La seconda fattispecie di reato a dolo generico (e definita "generale"), spiega la Cassazione, è integrata dalla tenuta della contabilità, in modo da rendere impossibile la ricostruzione del movimento degli affari e del patrimonio della fallita; questa ipotesi, diversamente dalla prima, presuppone un accertamento condotto su libri contabili effettivamente reperiti e analizzati dagli organi fallimentari e si realizza attraverso una falsità ideologica contestuale alla tenuta della contabilità, e cioè mediante l'annotazione originaria di dati oggettivamente falsi o l'omessa annotazione di dati veri, realizzata secondo le ulteriori caratteristiche e i modi descritti dalla norma incriminatrice (Sez. 5, n. 5081 del 13/01/2020, Montanari, Rv. 278321); sotto il profilo soggettivo è sufficiente il dolo generico (una per tutte, Cass. Sez. 5, n. 33114 del 08/10/2020)

Anche sul tema della "falsificazione" la Corte di cassazione (Cass. sentenza n. 45246 del 2024), ha espresso un indirizzo consolidato (che però i giudici di merito non hanno seguito), differenziando tra:

  1. la condotta di falsificazione delle scritture contabili integrante la fattispecie di bancarotta documentale "specifica" può avere natura sia materiale sia ideologica, ma consiste, comunque, in un intervento manipolativo su una realtà contabile già definitivamente formata;
  2. la condotta integrante la fattispecie di bancarotta documentale "generale", invece, che si realizza sempre con un falso ideologico contestuale alla tenuta della contabilità. In altri termini, l'annotazione nativa di dati oggettivamente falsi nella contabilità, sempre che la condotta presenti le altre caratteristiche indicate dalla disposizione incriminatrice, integra sempre e comunque la seconda ipotesi di bancarotta fraudolenta documentale descritta dall'art. 216 comma 1 n. 2) legge fall. (Cass. Sez. 5, n. 5081 del 13/01/2020).

L'omissione che consiste non nella totale a s s e n z a di annotazioni, ma nella mancata annotazione di specifiche operazioni, dà luogo ad annotazioni incomplete, che incidono sul principio di continuità contabile, bloccando la corretta ricostruzione del patrimonio e del movimento degli affari (non come evento del reato, ma come carattere modale della condotta), evidenziano i giudici, dà comunque la parvenza che la contabilità rifletta l'operatività dell'impresa, creando, di conseguenza, quel raggiro che è punito nella "bancarotta a dolo generico o generale".

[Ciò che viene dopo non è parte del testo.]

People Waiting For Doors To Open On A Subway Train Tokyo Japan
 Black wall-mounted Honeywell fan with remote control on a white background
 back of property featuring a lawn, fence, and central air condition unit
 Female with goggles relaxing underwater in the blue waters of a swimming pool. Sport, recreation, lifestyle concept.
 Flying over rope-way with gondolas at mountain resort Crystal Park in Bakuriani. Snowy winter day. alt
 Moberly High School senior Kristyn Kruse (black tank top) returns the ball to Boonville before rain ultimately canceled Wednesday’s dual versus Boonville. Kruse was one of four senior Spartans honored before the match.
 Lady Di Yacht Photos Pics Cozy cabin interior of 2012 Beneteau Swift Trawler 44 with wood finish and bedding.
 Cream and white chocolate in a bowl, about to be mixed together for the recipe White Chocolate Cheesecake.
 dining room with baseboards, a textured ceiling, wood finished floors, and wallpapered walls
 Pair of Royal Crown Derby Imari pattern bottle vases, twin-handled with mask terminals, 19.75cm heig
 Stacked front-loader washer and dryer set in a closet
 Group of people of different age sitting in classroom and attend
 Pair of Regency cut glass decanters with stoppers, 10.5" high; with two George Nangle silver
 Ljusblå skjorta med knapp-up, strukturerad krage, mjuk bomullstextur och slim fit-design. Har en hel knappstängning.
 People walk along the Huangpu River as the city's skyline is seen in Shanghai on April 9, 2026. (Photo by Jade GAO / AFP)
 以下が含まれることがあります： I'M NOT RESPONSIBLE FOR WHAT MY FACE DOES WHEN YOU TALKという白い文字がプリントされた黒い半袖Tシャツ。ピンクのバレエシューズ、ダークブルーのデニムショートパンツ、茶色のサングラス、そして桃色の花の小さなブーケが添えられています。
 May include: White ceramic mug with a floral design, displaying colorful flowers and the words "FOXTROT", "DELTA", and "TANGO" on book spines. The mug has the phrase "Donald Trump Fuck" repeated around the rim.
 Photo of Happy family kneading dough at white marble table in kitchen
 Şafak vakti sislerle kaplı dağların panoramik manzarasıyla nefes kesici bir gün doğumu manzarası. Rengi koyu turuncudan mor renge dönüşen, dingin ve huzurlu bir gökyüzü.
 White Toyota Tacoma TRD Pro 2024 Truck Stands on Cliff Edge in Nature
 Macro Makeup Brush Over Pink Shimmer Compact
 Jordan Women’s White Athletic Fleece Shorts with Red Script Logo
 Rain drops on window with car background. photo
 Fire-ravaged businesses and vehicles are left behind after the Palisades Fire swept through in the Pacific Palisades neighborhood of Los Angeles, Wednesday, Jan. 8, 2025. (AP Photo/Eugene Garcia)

La sentenza impugnata viene cassata con rinvio e nel nuovo giudizio dovrà tenersi conto delle considerazioni esposte dalla Cassazione, valutando anche la possibile configurabilità dell'ipotesi di bancarotta semplice documentale, prevista dall'art. 217 l. fall., sulla base del fatto che la tenuta della contabilità era stata affidata ad un professionista esterno alla società.